CINTRA: Do ponto de vista técnico, a CPMF é um tributo que não poderia ser jogado fora assim, sem mais nem menos. Acabaram jogando fora o bebê junto com a água do banho. É um tributo muito eficiente, com uma alíquota baixa, que produz uma arrecadação superior a todo o IPI, é quase 60% de todo o Imposto de Renda da pessoa jurídica, sem que isso custe um tostão para a empresa, um tostão para o governo. É insonegável, absolutamente universal, de baixo custo, que não dá margem à corrupção.

Mas a sociedade era contra a CPMF.

CINTRA: É lógico que, se você pergunta à sociedade: "Você é favor do imposto?", ela vai dizer que é contra qualquer tributo. Vai ser contra a CPMF, contra o Imposto de Renda, contra o IPI.

Quais serão as conseqüências da rejeição?

CINTRA: Serão muito ruins. A alegação era de que a CPMF era um imposto ruim, que a carga tributária é alta. O governo hoje está fazendo preparativos e tudo indica que vai transferir carga tributária desse que era dito ser um imposto ruim para os impostos chamados bons. Então, pode aumentar o IPI, o PIS/Cofins, pode-se criar o IOF, como já foi feito no passado, para suprir uma carência de recursos de forma emergencial. Todas elas são soluções muito ruins, porque vão agravar ainda mais as distorções que o sistema tributário convencional tem, que é dar margem a mais sonegação, mais evasão, custos mais elevados.

O que se argumenta é que haverá um impacto positivo para a economia do país.

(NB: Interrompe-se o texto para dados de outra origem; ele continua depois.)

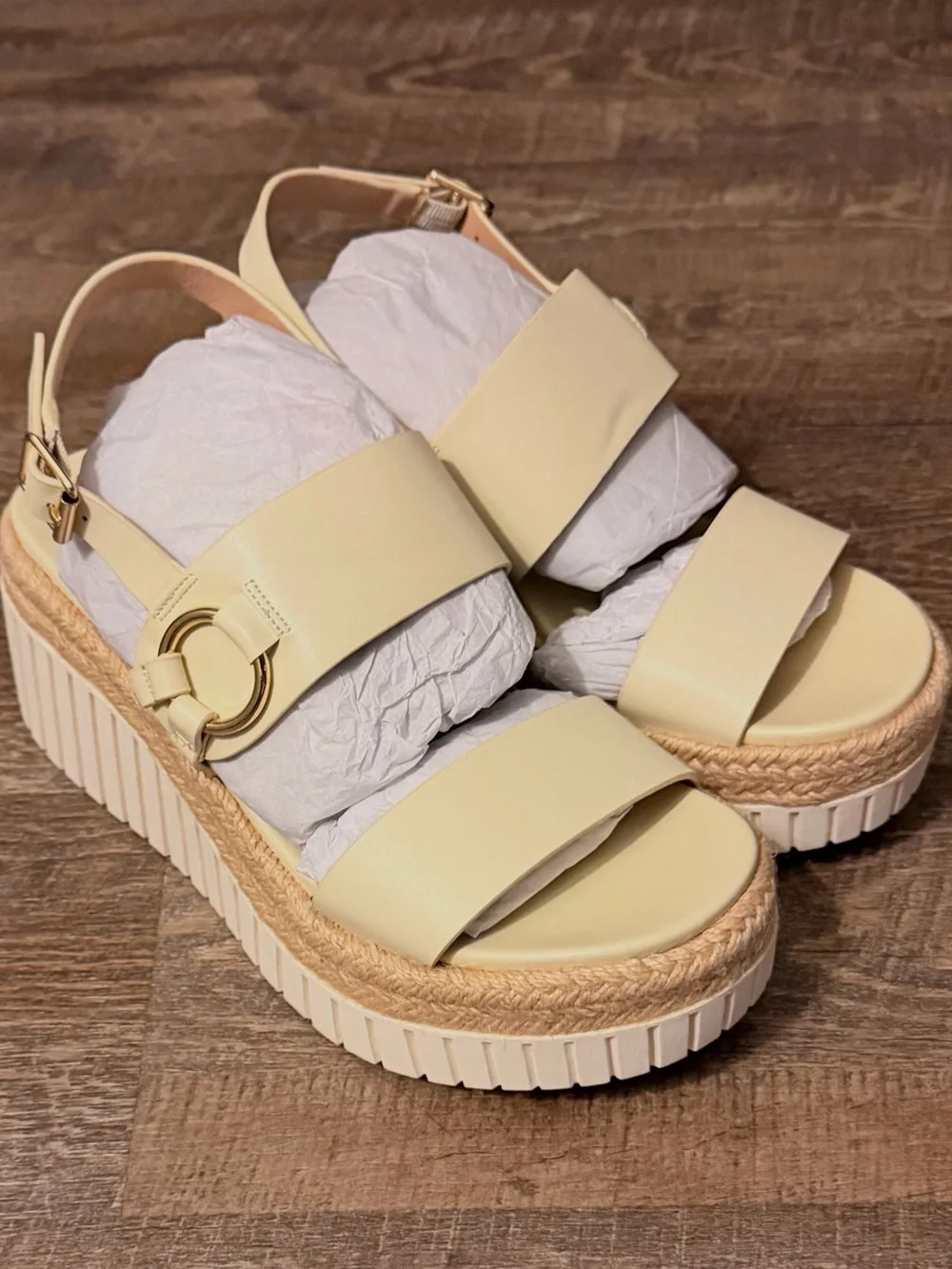 NIB MIA Yuna Espadrille Wedge Sandals - Bone - Size 8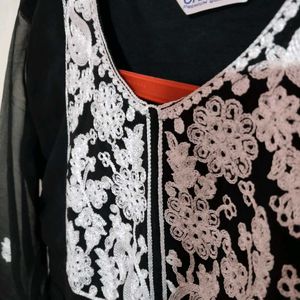 Black Trendy Chikankari Short Kurti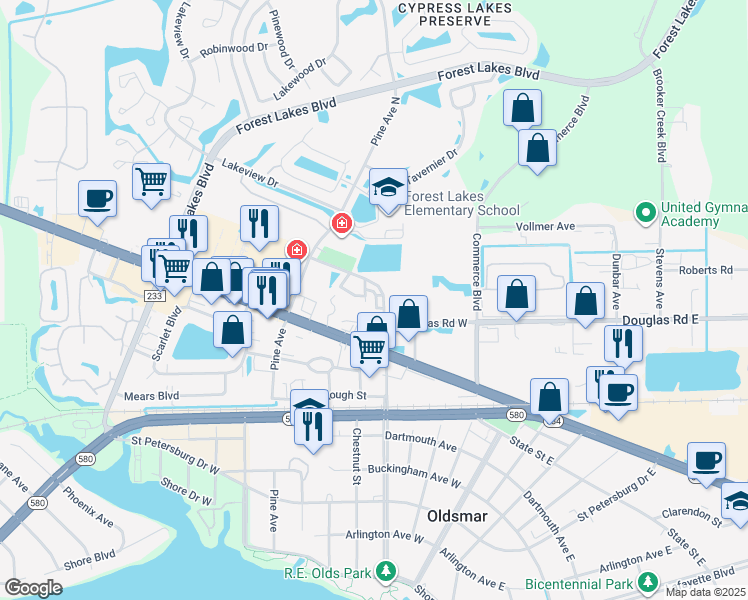 map of restaurants, bars, coffee shops, grocery stores, and more near 7 Hayes Road in Oldsmar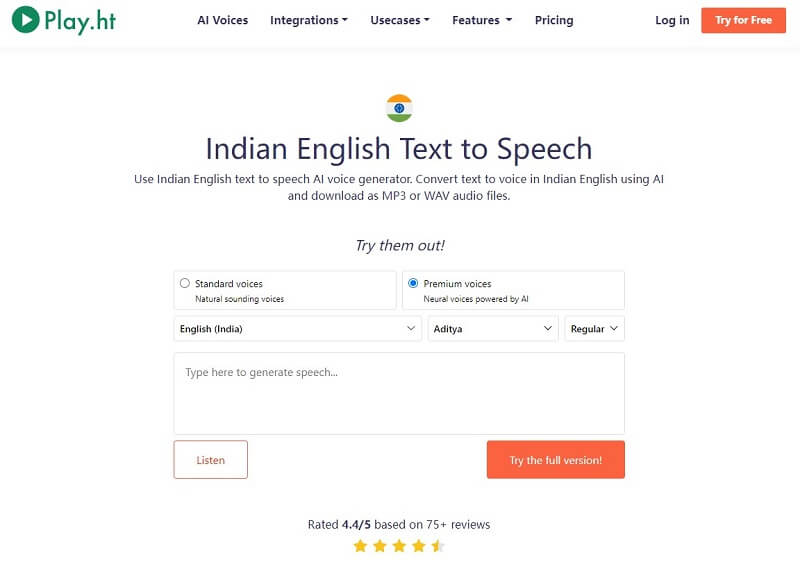 text to speech online free unlimited indian accent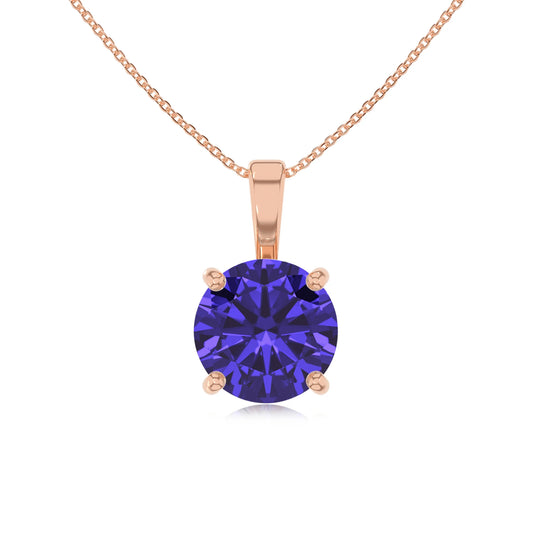 lab grown tanzanite round solitaire necklaces in rose gold 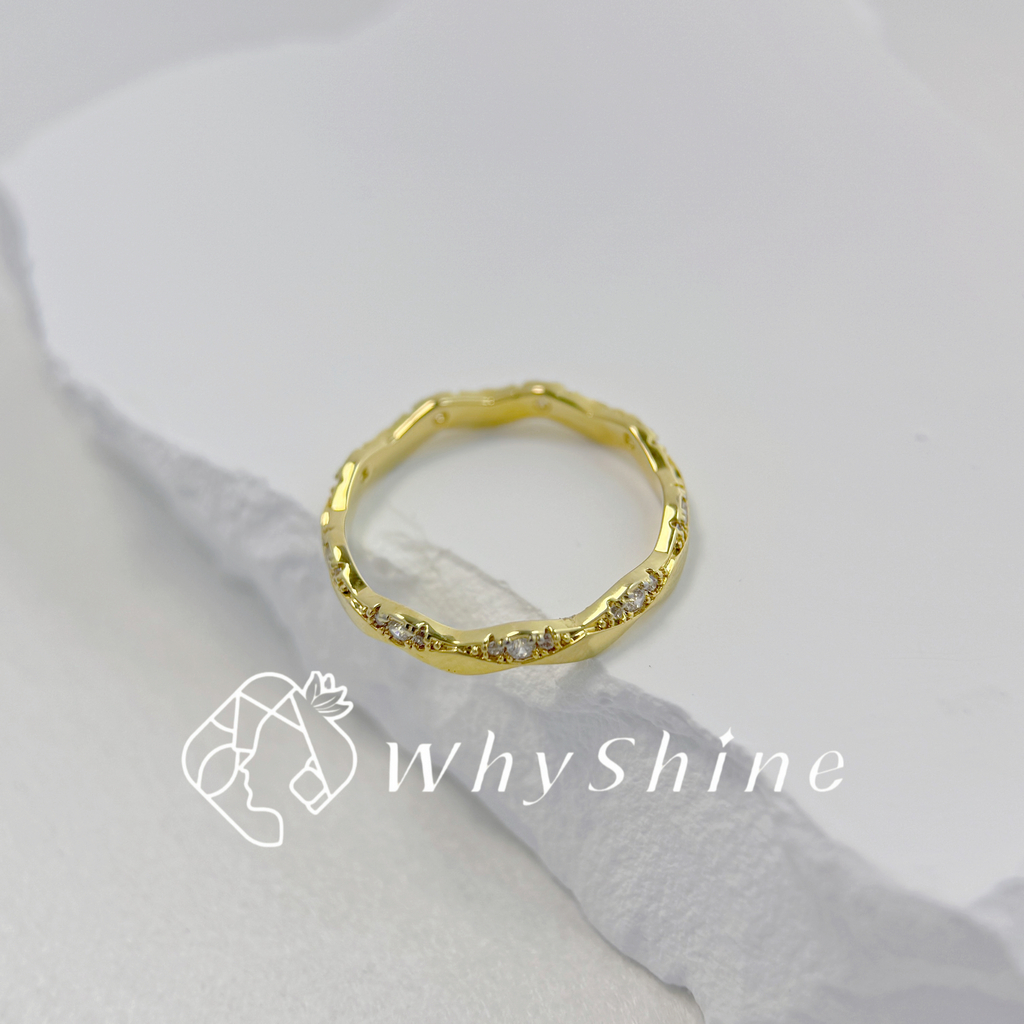 波浪單邊鑽戒指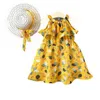 Kızlar Bohemiam Elbise Çocuklar Yaz Yeni Şifon Plaj Asılı Boyun Çiçek Elbiseler Kolsuz Giysileri Hat 210303 Dahil Çocuklar için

CINTRA: Não acredito que o impacto será positivo, pelo menos em curto prazo. Além do mais, o país vai pagar um custo muito alto. Não vejo nenhuma tendência de queda de preços nem elevação de salários reais por força de um tributo. Pelo fato de ser muito bem distribuído, significa um acréscimo muito pequeno em termos de orçamento familiar ou de cada empresa. Provavelmente o que vai acontecer é que a queda desse tributo vai aumentar um pouco a margem das empresas, mas dificilmente vai reverter em termos de queda nos preços para o consumidor final.

O senhor acredita em conseqüências macroeconômicas?

CINTRA: Essa rejeição ainda pode gerar efeitos macroeconômicos muito sérios. O primeiro deles é o temor de que o Brasil pode não ser capaz de continuar cumprindo suas metas de superávit primário. Em segundo lugar, a questão dos investimentos. Como são a parte mais maleável e mais flexível do Orçamento, é o primeiro item que vai sofrer cortes, e isso vai reduzir o potencial de crescimento da economia brasileira. Em resumo, foi uma decisão péssima, taticamente equivocada, estrategicamente muito ruim para o futuro do país.

Outro argumento muito utilizado era de que a carga tributária precisa ser reduzida.

CINTRA: O governo precisa realmente reduzir a carga tributária, ter mais eficiência e reduzir o tamanho do Estado. Mas isso não pode ser feito com um simples garroteamento das receitas públicas, como foi feito agora. Súbita, violenta, inesperada, só vai desarranjar a economia do país.